▸ **What to produce**:
Transcribe the listing verbatim. Do not carry over any pictures.

▸ **Given data**:
*-*-*

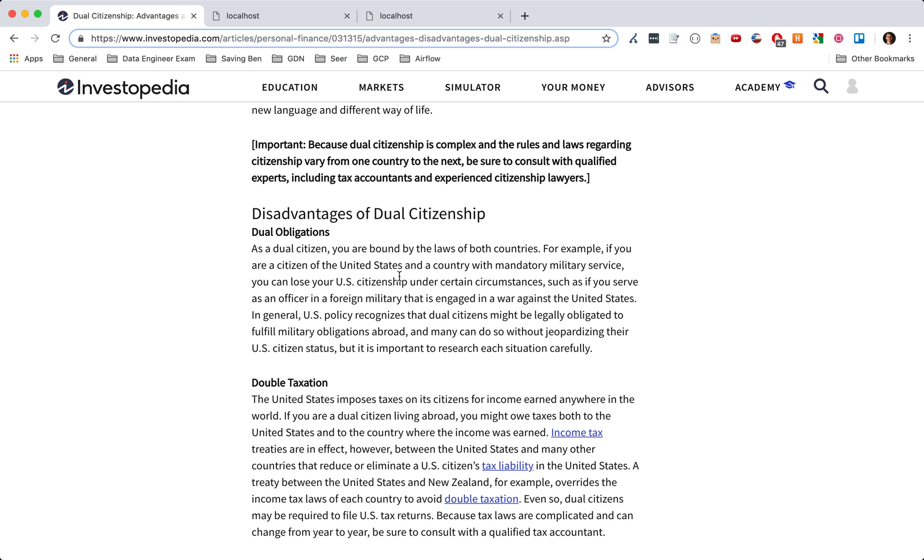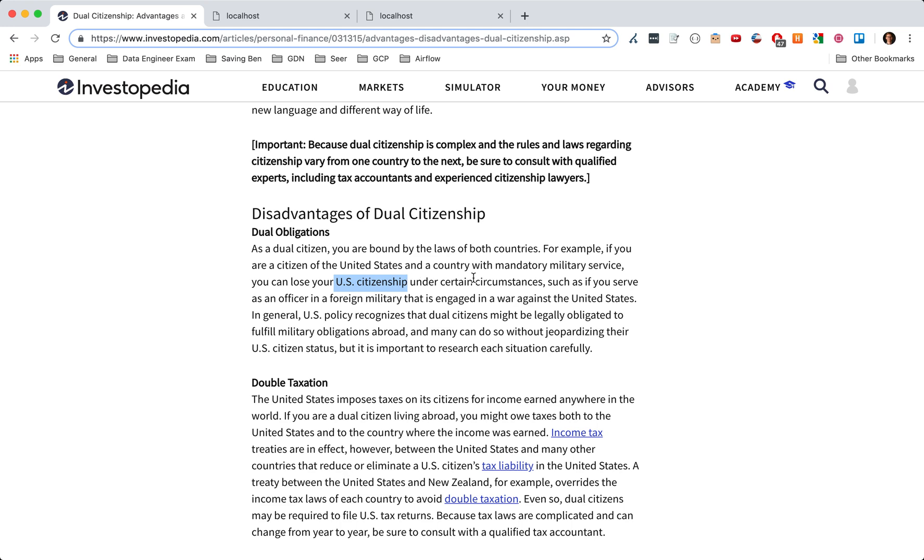Obviously you have to abide by the laws of both countries, and I never really thought about this before, but if the United States is at war with the country that you serve in the military for, you potentially could jeopardize your citizenship of the United States, I'm assuming the other country as well. So depending on whatever the US's military goings-on are, it kind of dictates whether you can be a US citizen, which I never really considered but it makes 100% sense.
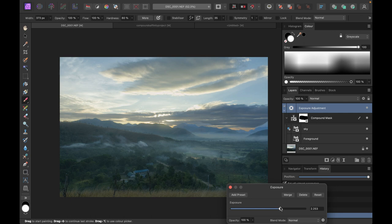That's our video on compound masks - do let me know if you use compound masks yourself. It's a very powerful feature of Affinity Photo; I don't know of any other editor which does it this way - it's unique to Affinity Photo. I hope this video was helpful. If you did find it helpful, I'd really appreciate a like, subscribe, and share to help keep the videos coming. Until the next video, bye for now.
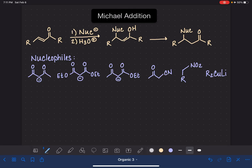The Michael addition reaction is a conjugate addition reaction, and specifically it's a 1,4 conjugate addition reaction. It's been a really long time since we've talked about conjugated bonds or 1,4 addition, so I want to begin by just giving you a little bit of a refresher.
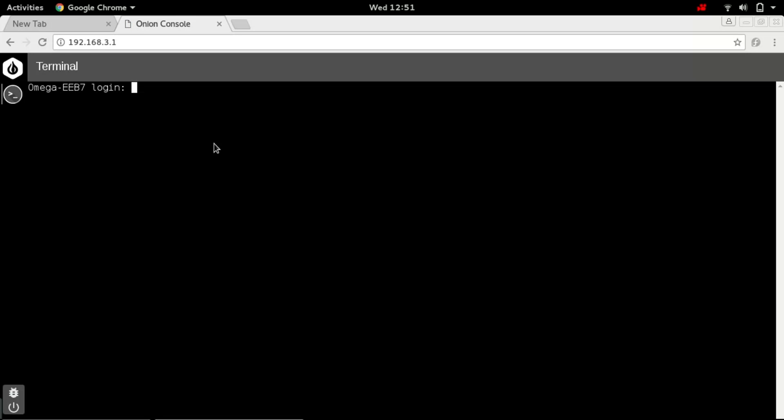The terminal is installed and I am currently opening the Omega console's terminal. I'm accessing the Omega from my terminals. The credentials to login are the same that we used before: root and password onion.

*-*-*

▸ **Response for this exercise**:
Obviously you have to abide by the laws of both countries, and I never really thought about this before, but if the United States is at war with the country that you serve in the military for, you potentially could jeopardize your citizenship of the United States, I'm assuming the other country as well. So depending on whatever the US's military goings-on are, it kind of dictates whether you can be a US citizen, which I never really considered but it makes 100% sense.
That's our video on compound masks - do let me know if you use compound masks yourself. It's a very powerful feature of Affinity Photo; I don't know of any other editor which does it this way - it's unique to Affinity Photo. I hope this video was helpful. If you did find it helpful, I'd really appreciate a like, subscribe, and share to help keep the videos coming. Until the next video, bye for now.
The Michael addition reaction is a conjugate addition reaction, and specifically it's a 1,4 conjugate addition reaction. It's been a really long time since we've talked about conjugated bonds or 1,4 addition, so I want to begin by just giving you a little bit of a refresher.
The terminal is installed and I am currently opening the Omega console's terminal. I'm accessing the Omega from my terminals. The credentials to login are the same that we used before: root and password onion.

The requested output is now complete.